Pedro García Cuartango-ABC

  • Representaba esa España diversa, tolerante y plural con la que muchos nos identificamos

He revisado el móvil. El correo electrónico me llegó el 31 de julio. Hacía referencia a la crisis de la democracia y la resurrección de los populismos y los nacionalismos. Este era el final: «Recibe un abrazo y mucho ánimo para que prosigas». Firmado: Mikel Azurmendi.

La muerte le sorprendió seis días después. Estaba trabajando en la huerta de su casa en Igueldo y le falló el corazón. Tenía 79 años. Dejaba atrás una vida plena, repleta de aventuras y de giros del destino, que me recordaba la trayectoria de Zacalaín, el personaje de Baroja.

Cuando era joven fue militante de ETA para combatir el franquismo.
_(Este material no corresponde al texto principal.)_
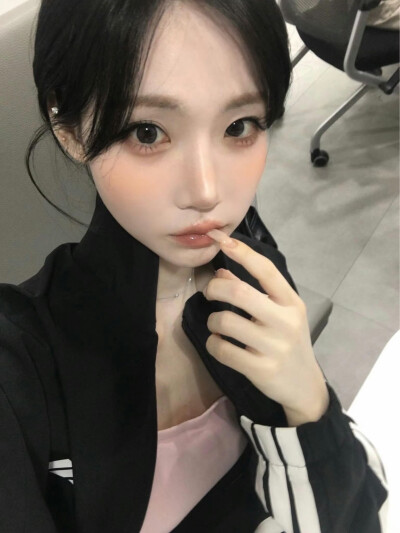 金拏炅 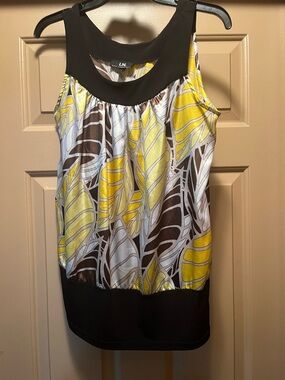 I.N. San Francisco Yellow and Brown Leaf Print Tank Top
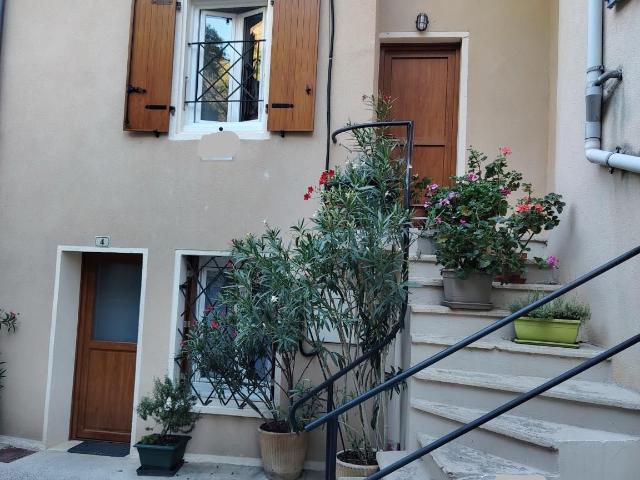 Maison vente à Castres, Burlats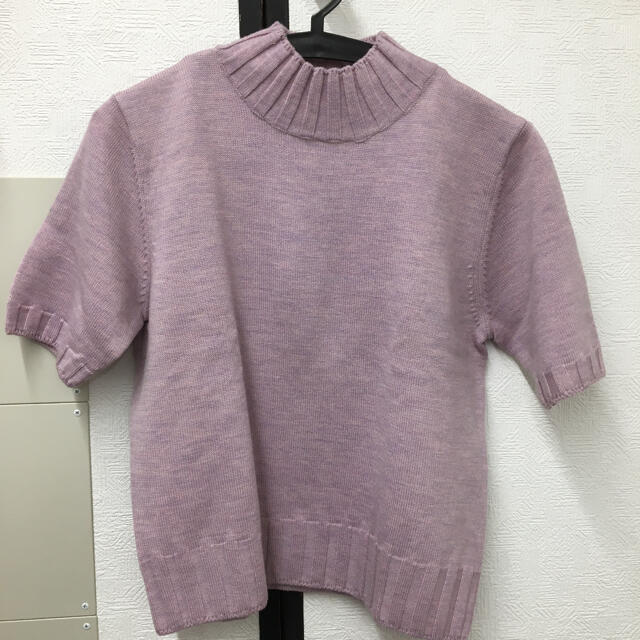 ピンク半袖ハイネックセーター
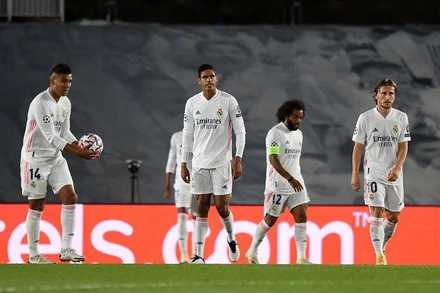 Các cầu thủ Real Madrid thất vọng sau trận thua muối mặt. 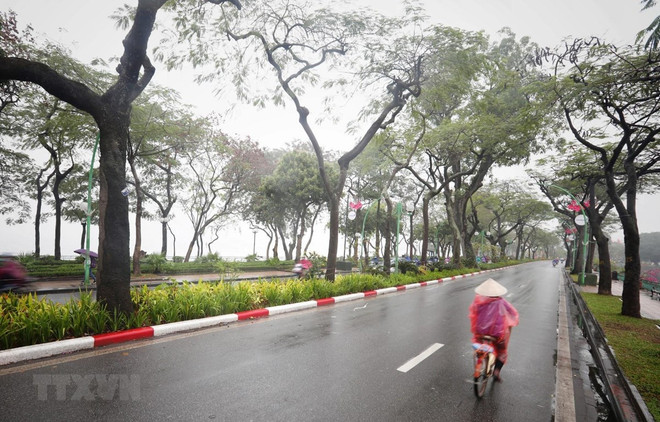 Chuyên gia khí tượng dự báo thời tiết cực đoan giai đoạn chuyển mùa ảnh 1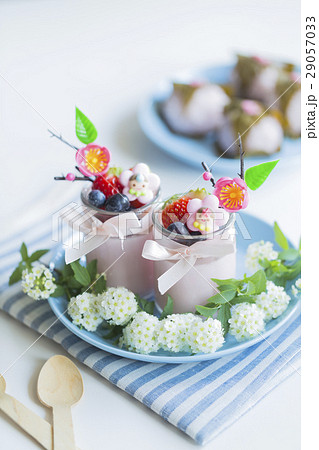 ひな祭りの桜ババロア ひな祭りの桜ババロア 29057033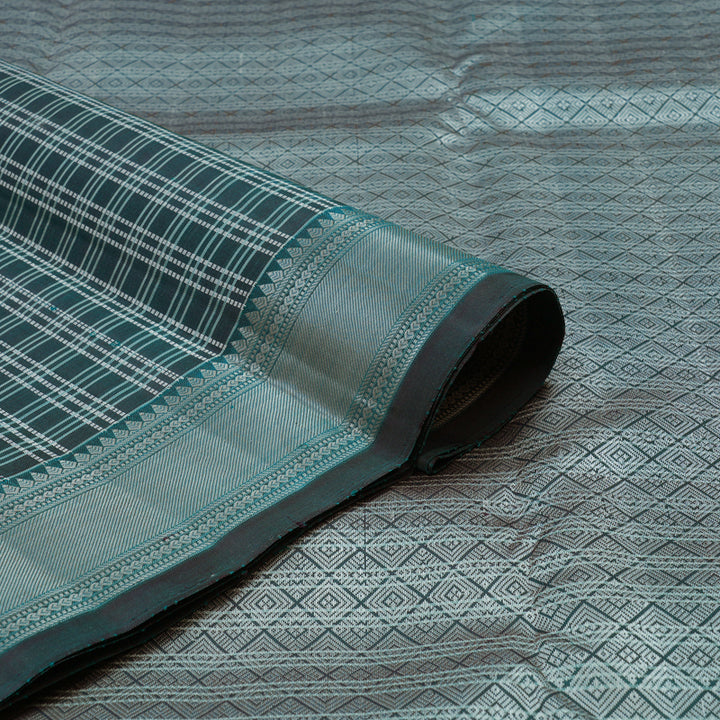 Hayagrivas Handloom Peacock Green Kanjivaram Silk Saree HBE1040L1-1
Luego abjuró de la violencia. Había estudiado filosofía en la Sorbona, donde fue profesor en sus tiempos de exilio. Su pasión era la antropología. Marchó a Estados Unidos y volvió a España para contribuir a la naciente democracia. Fue fundador de ¡Basta ya! y el Foro de Ermua. Muy pocos arriesgaron tanto en el País Vasco para deslegitimar el terrorismo y defender la libertad.

Aunque ya no está en este mundo, Azurmendi deja un gran legado intelectual con más de una docena de libros y centenares de artículos. La última vez que le vi hablamos de la vigencia del humanismo cristiano y de la crisis de los valores en los que ambos habíamos sido educados.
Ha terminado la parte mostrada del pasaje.